Limitations
Page 6
And so he introduced himself. He approached and, lacking any other gesture, offered his hand. She took it limply.
‘I wonder if I can help you,’ he said.
For all his good intentions, the question provoked a ripple of despair that briefly withered her red face before she contained herself. For reasons George understood only too well, her fingertips then pressed each of her temples.
‘Get me cigarettes,’ she said. She lifted the empty pack that had been squashed in her right hand and flung it at the sofa. ‘I need a cigarette.’
He waited there, still feeling everything he had an instant before.
‘You didn’t say your name,’ he told her.
She made a face but succumbed, clearly regarding this as the price she had to pay.
‘Great,’ she said. ‘Great, George. I’m Lolly. Viccino.’ She turned away and let her head fall back against the wall. ‘I’m Lolly Viccino, and I’d love a cigarette.’
As he sits recalling all of this, a clear image of the four boys from Glen Brae in the front row of the courtroom this morning returns to him. Their supporters and defense lawyers have trumpeted each young man’s good character over the years, and in their dark suits, their hair freshly trimmed, Sapperstein had done his best to make them look their parts. No amount of defense burnishing can really render Jacob Warnovits appealing. He is clearly a thug with a long disciplinary record, including four earlier arrests, in high school and college. But the other three defendants, all now with their B.A.s, have each had notable achievements. One, a junior Phi Beta Kappa at an eastern college, had been planning to join the staff of a local Congresswoman until his indictment. Another was the founder of a program to teach inner-city kids to ice skate, which he still runs as a volunteer. The last, up to the time of his conviction, worked on the athletic staff at the Mid-Ten university he’d attended on a hockey scholarship.

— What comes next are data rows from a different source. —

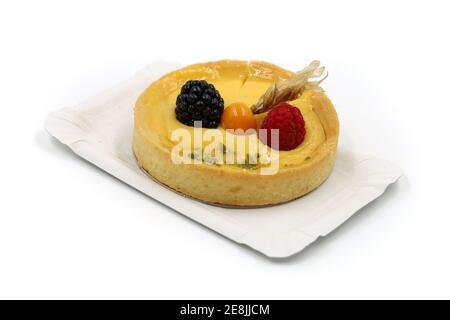 delicious mini cake with fresh fruits of physalis, blackberry and raspberry on paper plate isolated on white Stock Photo
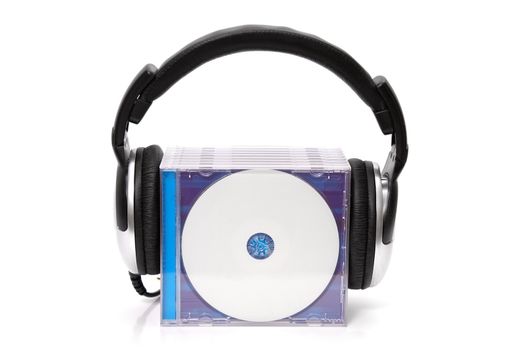headphones with stack of cds
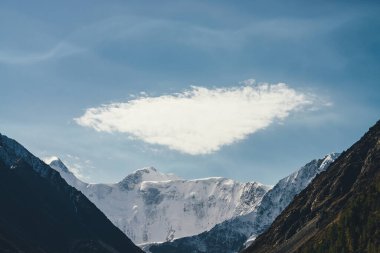 Karla kaplı yüksek dağlı, sirrus bulutlarının altında tepesi karla kaplı minimalist dağ manzarası. Bulutlu gökyüzünde kar beyazı, keskin zirvesi olan güzel bir dağ manzarası. Harika dağlar..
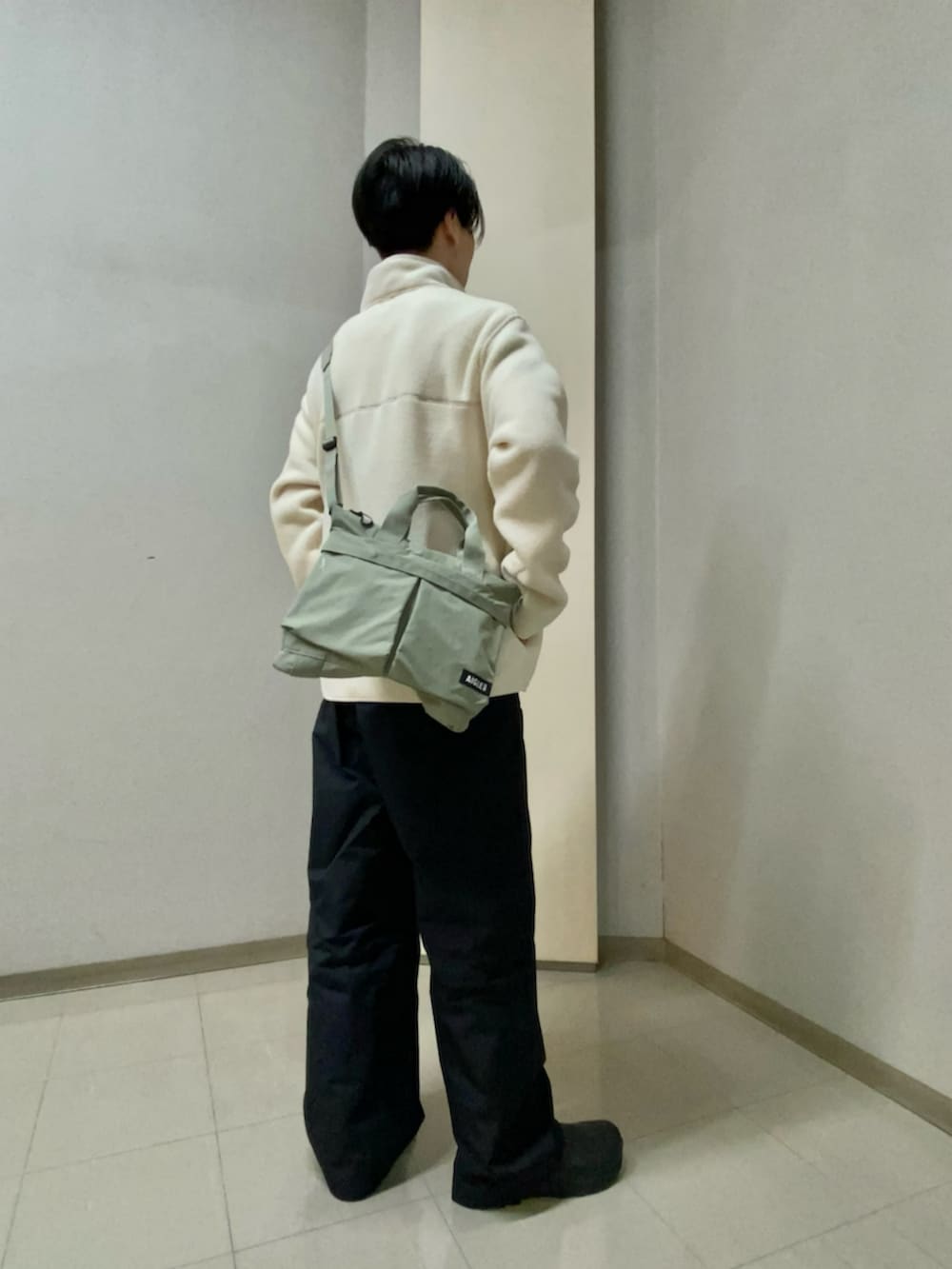グリーン系のトートバッグを着用したメンズの冬コーディネートの3枚目の写真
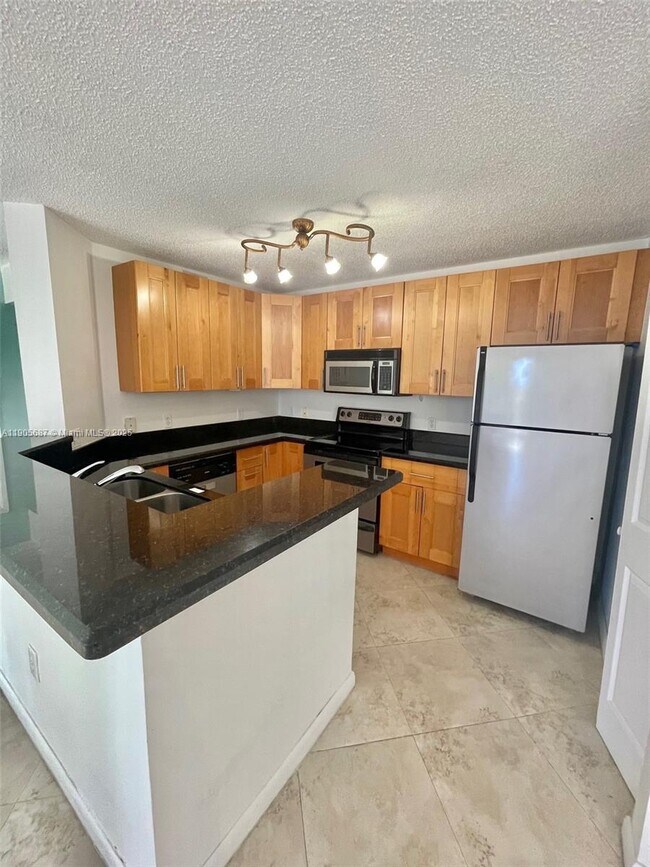 Foto del edificio - 19999 E Country Club Dr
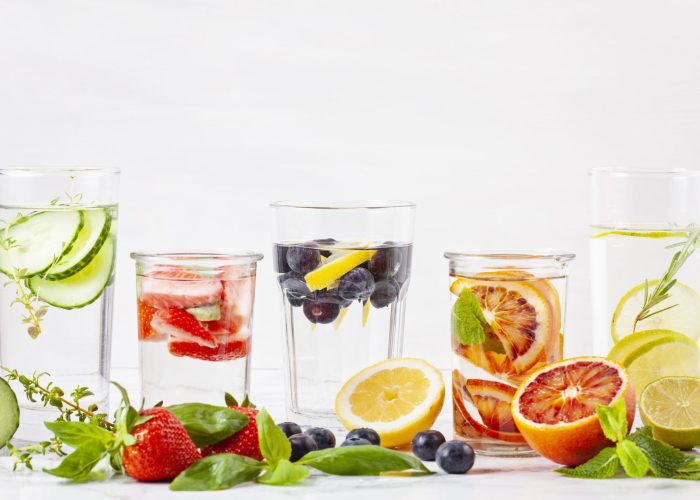 Variety of herbs and fruits flavored infused water and their ingridients. Summer refreshing drink. Health care, fitness, healthy nutrition diet concept.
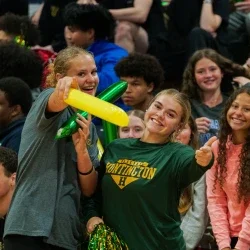 Two students smiling and pointing while other students smile behind them. 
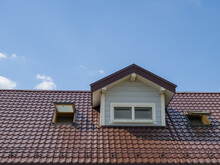 A Fragment Of A Metal-tile Roof With Two Dormer Windows.
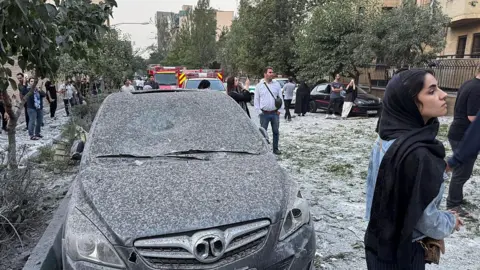 girl in headscarf stands to the right of a damaged car covered with dust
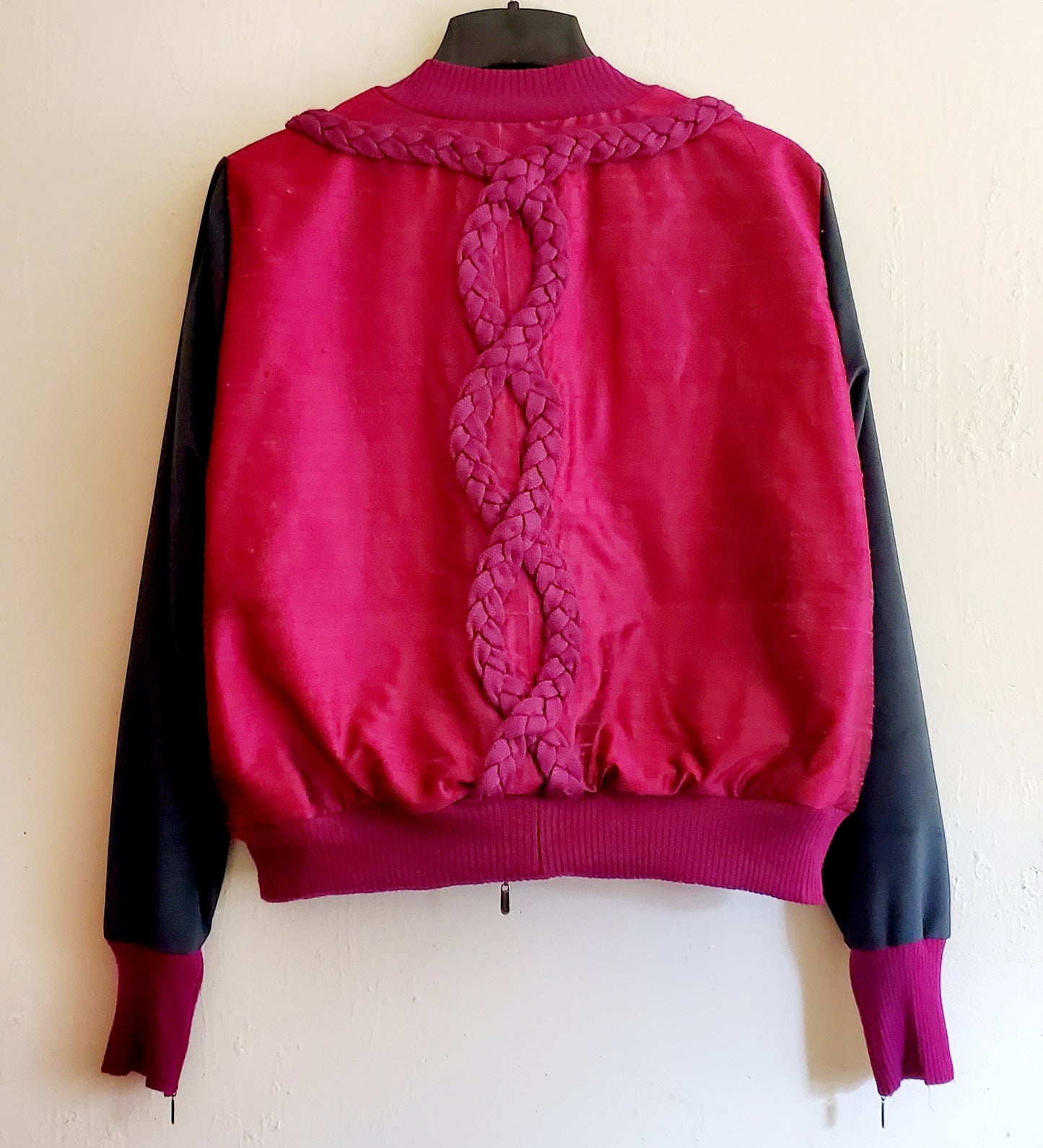 back view of Cable knit and raw silk jacket with velveteen sleeves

From the bench, George had scrutinized the four. One young man was aging fast; his lank hair was thinning, and he had plumped up to the point that he no longer looked like an athlete. The judge hoped that was Warnovits, although he knew that nature seldom follows the design of justice. But the other three were handsome emblems of their potential, who watched their fates being argued with the quick, disbelieving eyes you might expect from anyone finding that one hour seven years ago still held the power to determine the rest of his life.
Seeing them in his mind’s eye, George draws the contrast to the young man in the dormitory library forty years before. Why assume his character was any better than theirs? Isn’t it likely that one of them—even all of them—felt some decent impulse, shame or caring for Mindy DeBoyer, in the aftermath? Not enough, of course, to set it right, to call an ambulance or her parents. But when they re-dressed her like a sleeping child, or bore her unconscious body down the stairs, is it possible that one or two did not respond to the warm weight of humanity?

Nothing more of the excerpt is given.